In the case of a debtor whose income is higher than the median, the court will be required to apply an income-based test to measure the individual’s ability to repay a substantial portion of the debt. If the debtor is able to pay a minimum of $100 a month for five years, purportedly he will be forced into Chapter 13 and put on a repayment schedule. The reform also requires that a debtor meet with a credit counselor before filing for bankruptcy to determine what non-bankruptcy options there might be.

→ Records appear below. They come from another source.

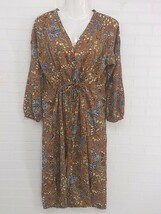 ◇ chocol raffine robe ショコラフィネローブ 総柄 長袖 膝下丈 ワンピース サイズF キャメル ブルー マルチ レディース P_画像1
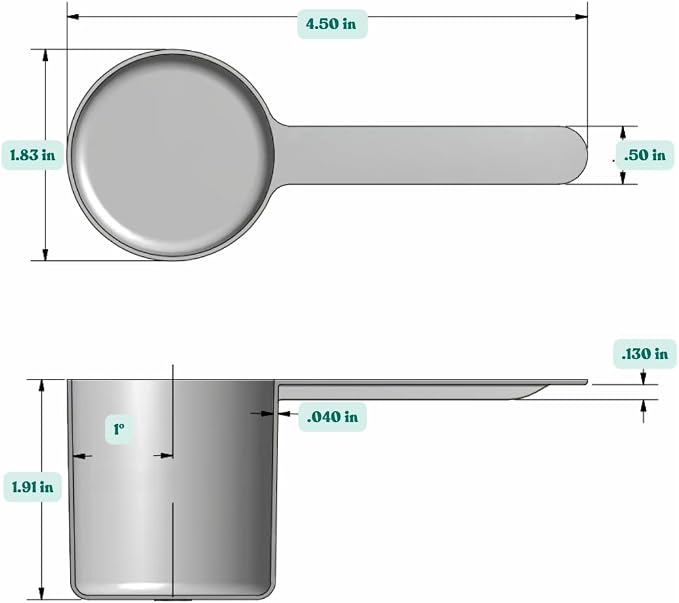 70 mL Long Handle Plastic Measuring Scoop - Image 2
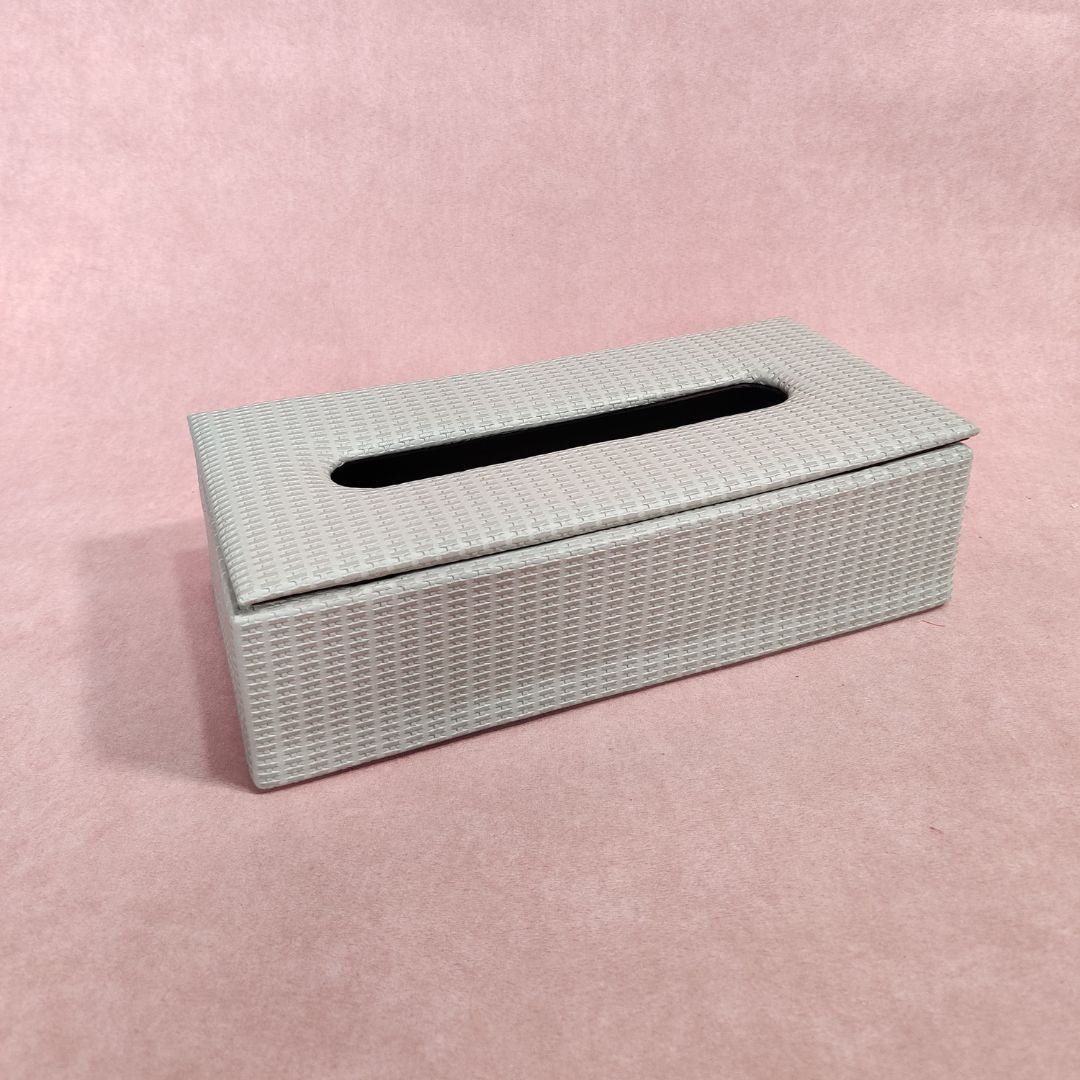 Tissue Box - Grey Leatherette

“The idea there is more to make sure the debtor is making an informed decision,” Hughes explained. He said the reforms do not fundamentally change the underlying principles of bankruptcy — that the debtor is to receive a chance to “catch his or her breath” and get a fresh start through administration of the bankruptcy laws.
“The objective in the context of the classic Chapter 7 bankruptcy proceeding is that the debtor is still entitled to a discharge of his or her pre-petition debt unless there is an exception,” Hughes observed. “There’s a little bit of whittling away of that, but as a general proposition it’s still the same concept.”
Generally, what has changed is that the amended law gives the various interested parties — the secured type creditors or lessors — more advantage in the bankruptcy process, he noted.
With all individual filings, a “tremendous” amount of documents will have to be produced within a very short time of filing, unlike the old bankruptcy law, Andersen pointed out.
“This is going to be very expensive. Even for the simplest of cases, fees are going to go up, because the attorney is going to have to spend a lot more time with the debtor and the client going through voluminous records and documents.”
Wardrop said the new law wasn’t designed to have an impact on Chapter 11 business bankruptcies, but it will — and it will be far greater than most people were led to believe.
Though the qualifications for Chapter 11 haven’t changed, there’s a whole new provision for small business bankruptcies in the code, and the legislation is going to make Chapter 11 a little more difficult to administer, Wardrop said. Under the old code, there was a small business plan, but almost everybody opted out, which they could do automatically, he explained. Under the amended code the debtor company can only opt out with the court’s permission.
“It may be harder for them because they’ll be under stricter time deadlines than the normal Chapter 11,” he noted. So tighter deadlines and greater scrutiny applied under the new law may make it more difficult to reorganize under Chapter 11. The law takes away much of the court’s discretion, as well, Wardrop pointed out.
“Under the old code there were no absolute guidelines. The court could extend time periods for good cause. The new provisions — especially in the small business area — set absolute deadlines that neither the court, nor the parties themselves, are able to extend.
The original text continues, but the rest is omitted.